How has racing changed in your time in the sport?
“Like anything, it has evolved. Good or bad, agree or not, racing now is more political. With manufacturers building the cars and getting them homologated, a lot of the ingenuity is out of the car.
“We don’t build cars, we don’t develop cars anymore. In most cases it’s not a bad thing. One part of me doesn’t like the idea that the innovation is now out of the car, but I do understand the reasoning and it does make sense.
“Now, you can spend more of your money racing the car, and less of the money developing the car. When I developed the Cayman with GTSport Racing, we could have run a full season with what we spent developing the car.
“Now, I can just go buy a car and get right to it, and the teams that embrace it are doing better than the teams that don’t.
“If they embrace it, work with the manufacturer, they are the teams that are doing better than the teams that are trying to swim upstream.

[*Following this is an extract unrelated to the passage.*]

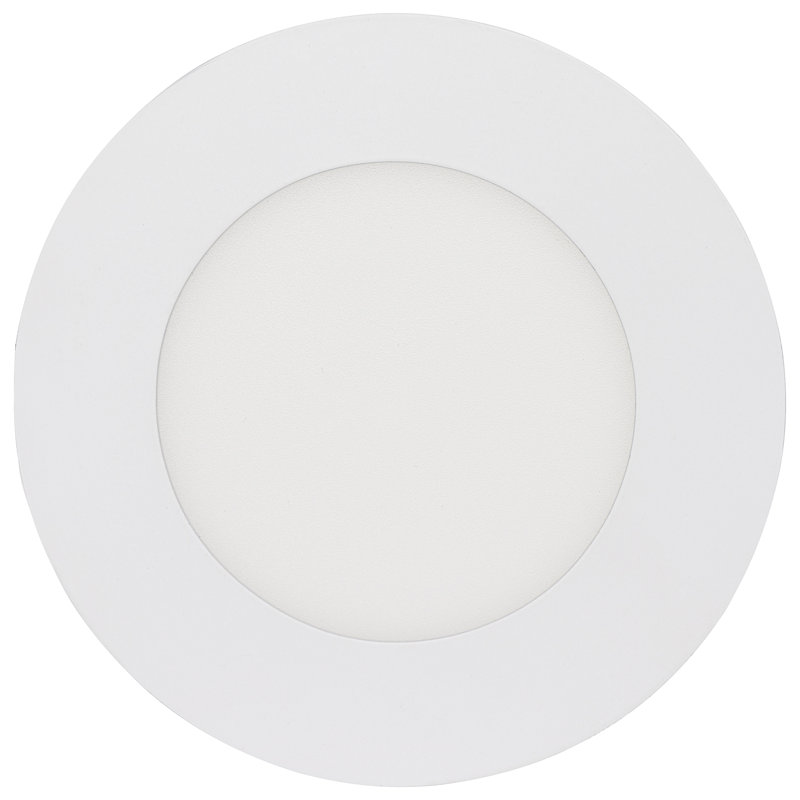 Étoile de mer à DEL 8 watts à lumière directe et à fil vers le bas de 4 pouces avec télécommande RVBTW et finition ronde blanche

“Also, I think the bigger picture from the beginning of my career to now, the cars are much safer. The seat is installed correctly, the seatbelts are at the right angle, and you didn’t always find that when people were building their own cars. There was inconsistency there.
“On top of that, you’re driving a car today that you can drive anywhere in the world. That’s a good thing. Motorsports has become less regional and more global.
“Our series is connected to the SRO’s series whereas before we were just us. That makes it bigger and better.”